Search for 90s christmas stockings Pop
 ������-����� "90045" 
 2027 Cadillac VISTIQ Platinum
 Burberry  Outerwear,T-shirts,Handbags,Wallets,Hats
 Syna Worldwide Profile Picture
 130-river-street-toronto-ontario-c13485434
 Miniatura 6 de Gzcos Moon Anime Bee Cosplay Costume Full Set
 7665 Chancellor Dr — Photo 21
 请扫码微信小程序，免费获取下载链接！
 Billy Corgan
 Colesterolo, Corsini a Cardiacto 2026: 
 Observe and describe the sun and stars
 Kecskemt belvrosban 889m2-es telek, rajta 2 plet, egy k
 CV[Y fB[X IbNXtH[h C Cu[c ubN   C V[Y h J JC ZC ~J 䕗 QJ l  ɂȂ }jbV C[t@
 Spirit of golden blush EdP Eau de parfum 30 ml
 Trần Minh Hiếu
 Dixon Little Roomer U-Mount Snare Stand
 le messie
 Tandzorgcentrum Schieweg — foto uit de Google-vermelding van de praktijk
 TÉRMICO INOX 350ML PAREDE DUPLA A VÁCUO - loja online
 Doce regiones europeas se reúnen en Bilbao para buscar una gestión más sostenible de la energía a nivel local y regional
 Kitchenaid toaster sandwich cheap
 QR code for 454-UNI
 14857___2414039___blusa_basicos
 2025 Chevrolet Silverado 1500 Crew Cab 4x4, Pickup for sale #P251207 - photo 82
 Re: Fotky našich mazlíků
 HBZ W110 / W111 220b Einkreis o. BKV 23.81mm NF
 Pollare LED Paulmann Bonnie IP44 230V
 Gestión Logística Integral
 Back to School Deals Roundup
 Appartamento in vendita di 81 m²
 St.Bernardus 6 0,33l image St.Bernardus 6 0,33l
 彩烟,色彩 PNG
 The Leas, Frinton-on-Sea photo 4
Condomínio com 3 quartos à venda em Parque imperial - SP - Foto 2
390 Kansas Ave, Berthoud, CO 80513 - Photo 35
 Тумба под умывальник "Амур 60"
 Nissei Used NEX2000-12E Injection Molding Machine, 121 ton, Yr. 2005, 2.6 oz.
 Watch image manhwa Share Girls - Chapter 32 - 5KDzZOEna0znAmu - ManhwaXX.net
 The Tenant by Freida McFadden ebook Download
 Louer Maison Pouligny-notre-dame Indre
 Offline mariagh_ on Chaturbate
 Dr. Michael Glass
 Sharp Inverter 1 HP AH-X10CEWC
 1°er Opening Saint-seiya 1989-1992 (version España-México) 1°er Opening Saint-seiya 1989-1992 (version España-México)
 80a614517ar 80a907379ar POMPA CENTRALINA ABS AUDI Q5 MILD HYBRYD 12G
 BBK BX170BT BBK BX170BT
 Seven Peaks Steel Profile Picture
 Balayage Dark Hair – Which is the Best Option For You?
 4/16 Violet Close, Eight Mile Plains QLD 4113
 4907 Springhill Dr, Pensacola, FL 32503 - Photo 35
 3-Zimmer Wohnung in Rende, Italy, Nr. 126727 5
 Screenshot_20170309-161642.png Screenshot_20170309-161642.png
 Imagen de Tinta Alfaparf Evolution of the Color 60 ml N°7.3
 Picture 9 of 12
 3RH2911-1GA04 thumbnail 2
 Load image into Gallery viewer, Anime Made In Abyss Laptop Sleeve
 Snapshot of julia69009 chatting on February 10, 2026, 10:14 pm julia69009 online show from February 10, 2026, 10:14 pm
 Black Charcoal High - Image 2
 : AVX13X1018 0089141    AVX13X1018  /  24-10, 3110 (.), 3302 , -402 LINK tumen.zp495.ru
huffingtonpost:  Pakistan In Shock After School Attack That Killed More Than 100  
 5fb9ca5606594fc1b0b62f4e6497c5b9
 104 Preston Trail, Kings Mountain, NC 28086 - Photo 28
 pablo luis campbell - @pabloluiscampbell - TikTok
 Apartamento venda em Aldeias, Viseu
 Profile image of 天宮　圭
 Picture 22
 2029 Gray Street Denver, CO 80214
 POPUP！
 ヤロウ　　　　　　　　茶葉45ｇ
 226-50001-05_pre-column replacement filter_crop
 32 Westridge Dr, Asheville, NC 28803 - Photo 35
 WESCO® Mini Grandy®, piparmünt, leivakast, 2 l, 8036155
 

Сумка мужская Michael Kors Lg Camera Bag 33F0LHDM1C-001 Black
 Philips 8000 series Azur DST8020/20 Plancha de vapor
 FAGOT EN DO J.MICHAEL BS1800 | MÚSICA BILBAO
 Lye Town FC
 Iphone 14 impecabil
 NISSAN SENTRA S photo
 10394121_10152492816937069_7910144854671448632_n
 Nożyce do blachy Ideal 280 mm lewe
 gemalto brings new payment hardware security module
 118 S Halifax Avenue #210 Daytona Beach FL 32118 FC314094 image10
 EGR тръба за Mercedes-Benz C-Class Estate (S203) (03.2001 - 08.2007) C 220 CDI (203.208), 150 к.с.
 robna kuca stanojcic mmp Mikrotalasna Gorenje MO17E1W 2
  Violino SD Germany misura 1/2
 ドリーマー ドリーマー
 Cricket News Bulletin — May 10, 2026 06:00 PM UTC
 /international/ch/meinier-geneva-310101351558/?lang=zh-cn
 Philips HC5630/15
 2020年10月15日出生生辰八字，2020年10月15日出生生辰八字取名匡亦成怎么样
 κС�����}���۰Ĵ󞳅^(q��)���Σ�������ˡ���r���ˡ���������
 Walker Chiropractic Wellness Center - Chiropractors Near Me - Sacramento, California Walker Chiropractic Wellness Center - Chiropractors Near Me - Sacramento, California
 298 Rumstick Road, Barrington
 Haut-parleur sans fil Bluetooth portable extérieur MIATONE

◆ ◆ ◆ ◆ ◆ ◆ ◆

All of the material above should be repeated exactly.

Search for 90s christmas stockings Pop
 ������-����� "90045" 
 2027 Cadillac VISTIQ Platinum
 Burberry  Outerwear,T-shirts,Handbags,Wallets,Hats
 Syna Worldwide Profile Picture
 130-river-street-toronto-ontario-c13485434
 Miniatura 6 de Gzcos Moon Anime Bee Cosplay Costume Full Set
 7665 Chancellor Dr — Photo 21
 请扫码微信小程序，免费获取下载链接！
 Billy Corgan
 Colesterolo, Corsini a Cardiacto 2026: 
 Observe and describe the sun and stars
 Kecskemt belvrosban 889m2-es telek, rajta 2 plet, egy k
 CV[Y fB[X IbNXtH[h C Cu[c ubN   C V[Y h J JC ZC ~J 䕗 QJ l  ɂȂ }jbV C[t@
 Spirit of golden blush EdP Eau de parfum 30 ml
 Trần Minh Hiếu
 Dixon Little Roomer U-Mount Snare Stand
 le messie
 Tandzorgcentrum Schieweg — foto uit de Google-vermelding van de praktijk
 TÉRMICO INOX 350ML PAREDE DUPLA A VÁCUO - loja online
 Doce regiones europeas se reúnen en Bilbao para buscar una gestión más sostenible de la energía a nivel local y regional
 Kitchenaid toaster sandwich cheap
 QR code for 454-UNI
 14857___2414039___blusa_basicos
 2025 Chevrolet Silverado 1500 Crew Cab 4x4, Pickup for sale #P251207 - photo 82
 Re: Fotky našich mazlíků
 HBZ W110 / W111 220b Einkreis o. BKV 23.81mm NF
 Pollare LED Paulmann Bonnie IP44 230V
 Gestión Logística Integral
 Back to School Deals Roundup
 Appartamento in vendita di 81 m²
 St.Bernardus 6 0,33l image St.Bernardus 6 0,33l
 彩烟,色彩 PNG
 The Leas, Frinton-on-Sea photo 4
Condomínio com 3 quartos à venda em Parque imperial - SP - Foto 2
390 Kansas Ave, Berthoud, CO 80513 - Photo 35
 Тумба под умывальник "Амур 60"
 Nissei Used NEX2000-12E Injection Molding Machine, 121 ton, Yr. 2005, 2.6 oz.
 Watch image manhwa Share Girls - Chapter 32 - 5KDzZOEna0znAmu - ManhwaXX.net
 The Tenant by Freida McFadden ebook Download
 Louer Maison Pouligny-notre-dame Indre
 Offline mariagh_ on Chaturbate
 Dr. Michael Glass
 Sharp Inverter 1 HP AH-X10CEWC
 1°er Opening Saint-seiya 1989-1992 (version España-México) 1°er Opening Saint-seiya 1989-1992 (version España-México)
 80a614517ar 80a907379ar POMPA CENTRALINA ABS AUDI Q5 MILD HYBRYD 12G
 BBK BX170BT BBK BX170BT
 Seven Peaks Steel Profile Picture
 Balayage Dark Hair – Which is the Best Option For You?
 4/16 Violet Close, Eight Mile Plains QLD 4113
 4907 Springhill Dr, Pensacola, FL 32503 - Photo 35
 3-Zimmer Wohnung in Rende, Italy, Nr. 126727 5
 Screenshot_20170309-161642.png Screenshot_20170309-161642.png
 Imagen de Tinta Alfaparf Evolution of the Color 60 ml N°7.3
 Picture 9 of 12
 3RH2911-1GA04 thumbnail 2
 Load image into Gallery viewer, Anime Made In Abyss Laptop Sleeve
 Snapshot of julia69009 chatting on February 10, 2026, 10:14 pm julia69009 online show from February 10, 2026, 10:14 pm
 Black Charcoal High - Image 2
 : AVX13X1018 0089141    AVX13X1018  /  24-10, 3110 (.), 3302 , -402 LINK tumen.zp495.ru
huffingtonpost:  Pakistan In Shock After School Attack That Killed More Than 100  
 5fb9ca5606594fc1b0b62f4e6497c5b9
 104 Preston Trail, Kings Mountain, NC 28086 - Photo 28
 pablo luis campbell - @pabloluiscampbell - TikTok
 Apartamento venda em Aldeias, Viseu
 Profile image of 天宮　圭
 Picture 22
 2029 Gray Street Denver, CO 80214
 POPUP！
 ヤロウ　　　　　　　　茶葉45ｇ
 226-50001-05_pre-column replacement filter_crop
 32 Westridge Dr, Asheville, NC 28803 - Photo 35
 WESCO® Mini Grandy®, piparmünt, leivakast, 2 l, 8036155
 

Сумка мужская Michael Kors Lg Camera Bag 33F0LHDM1C-001 Black
 Philips 8000 series Azur DST8020/20 Plancha de vapor
 FAGOT EN DO J.MICHAEL BS1800 | MÚSICA BILBAO
 Lye Town FC
 Iphone 14 impecabil
 NISSAN SENTRA S photo
 10394121_10152492816937069_7910144854671448632_n
 Nożyce do blachy Ideal 280 mm lewe
 gemalto brings new payment hardware security module
 118 S Halifax Avenue #210 Daytona Beach FL 32118 FC314094 image10
 EGR тръба за Mercedes-Benz C-Class Estate (S203) (03.2001 - 08.2007) C 220 CDI (203.208), 150 к.с.
 robna kuca stanojcic mmp Mikrotalasna Gorenje MO17E1W 2
  Violino SD Germany misura 1/2
 ドリーマー ドリーマー
 Cricket News Bulletin — May 10, 2026 06:00 PM UTC
 /international/ch/meinier-geneva-310101351558/?lang=zh-cn
 Philips HC5630/15
 2020年10月15日出生生辰八字，2020年10月15日出生生辰八字取名匡亦成怎么样
 κС�����}���۰Ĵ󞳅^(q��)���Σ�������ˡ���r���ˡ���������
 Walker Chiropractic Wellness Center - Chiropractors Near Me - Sacramento, California Walker Chiropractic Wellness Center - Chiropractors Near Me - Sacramento, California
 298 Rumstick Road, Barrington
 Haut-parleur sans fil Bluetooth portable extérieur MIATONE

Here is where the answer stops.